En 2005, on a même été jusqu’à étudier en France les troubles de conduites chez les moins de trois ans comme prédictifs de délinquance à l’adolescence. Nicolas Sarkozy aurait d’ailleurs souhaité s’appuyer sur ces chiffres pour la loi sur la délinquance, ce que la lutte des professionnels a empêché.

Questions et débat avec les participants

Comment s’est déroulé le travail avec les enfants de moins de trois ans ?

Les critères pour détecter les enfants présentant des troubles de conduite hors norme étaient l’absence de remords, la froideur affective, la cruauté affective… Le principe était de poser un diagnostic suite à une liste de questions traitées de manière automatique, avec un traitement statistique des réponses qui copie la médecine.

En matière de dangerosité des patients, on s’est aperçu que l’avis des experts était deux fois sur trois inexact.

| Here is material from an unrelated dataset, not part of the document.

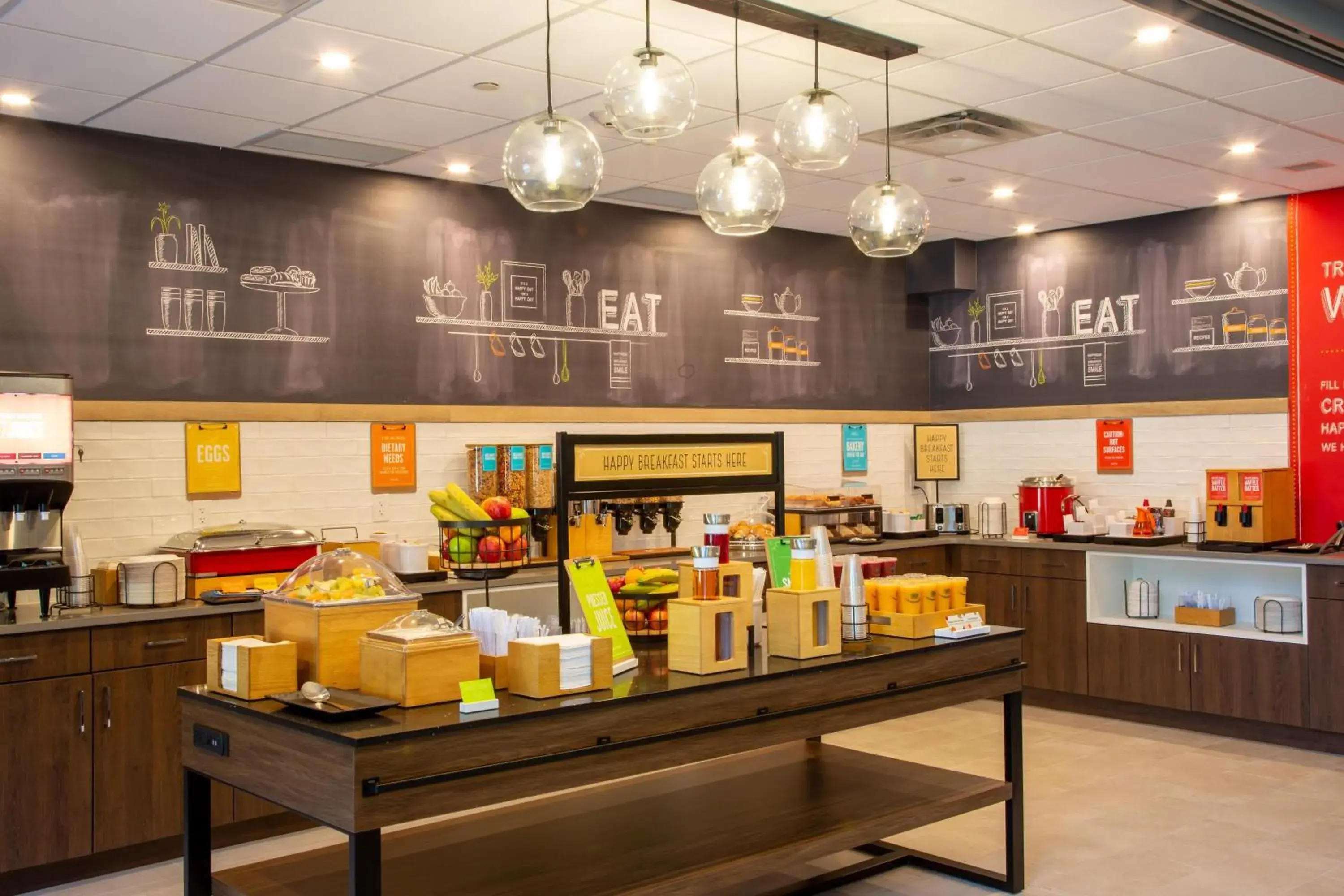 Breakfast in Hampton Inn & Suites Edmonton St. Albert, Ab Breakfast in Hampton Inn & Suites Edmonton St. Albert, Ab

Le Canada a utilisé d’autres moyens empruntés aux compagnies d’assurance, ceux du calcul de risques : on a alors parlé de probabilités de récidive, de comportements déviants, délictueux (âge du premier absentéisme scolaire, de l’usage des stupéfiants…). C’est ce qu’on appelle la psychiatrie actuarielle.

Le profil statistique d’évaluation des risques ne croit pas au pardon. Pourtant l’avenir ne peut être le simple reflet du passé ; cette conception n’est pas humaniste, elle montre l’atteinte profonde d’une société démocratique qui se veut humaniste mais qui remet les droits de l’homme en question. On ne croit plus à ce pari sur lequel on peut, grâce à la culture, l’éducation, la formation, changer le cours des choses pour un individu.

Autre exemple de l’impact des normes : la lutte contre l’hypertension artérielle : on a pu constater qu’un changement de la norme, abaissée de 1 point, avait fait tripler le nombre de patients à traiter.

Comment résister ?

Camus et Jaurès avaient ceci en commun qu’ils ne croyaient pas en Dieu, mais en l’idéal. Dans le discours de François Hollande au Bourget, il y avait aussi un souffle d’idéal politique.

Mais c’est l’amour et l’amitié qui permettent de résister, ainsi que les collectifs.

Aux Etats-Unis, c’est la pratique des délégués des associations de travailleurs qui a permis de survivre. C’est une question politique à défendre : la politique des métiers.

Par exemple, quand la culture fait place au divertissement, la partie est perdue.

Un mot sur FONDAMENTAL ?

Chaque forme de savoir est en rapport avec la forme du pouvoir. Des chercheurs en génétique ont même prétendu que le cerveau humain fonctionnait sur le même mode que le marché.

Comment expliquer cette évolution, en France comme aux Etats-Unis ?

On part des Etats-Unis dans les années 1980, avec Spitzer. Cela devient rapidement un business. Et on assiste bientôt à l’éviction de tous les professionnels de la psychiatrie qui se réfèrent à la psychanalyse. On forme de nouveaux psychiatres à cette manière de penser. S’ils veulent être reconnus, ils doivent s’appuyer sur cette base.

Toute recherche qui sort du cadre est abandonnée. On arrive à une langue technico-administrative, inhumaine.

Quelle évolution de la psychiatrie a eu lieu dans les années 60-70 ?

Des psychiatres se sont aperçus que leurs institutions étaient traumatiques et qu’il fallait qu’elles deviennent thérapeutiques. C’est ce qu’on a appelé le courant de la psychothérapie institutionnelle. Cette façon de penser a aussi été abandonnée. Pourtant, il faut à nouveau du temps thérapeutique, il faut une résistance politique, sauf à devoir tricher avec le système.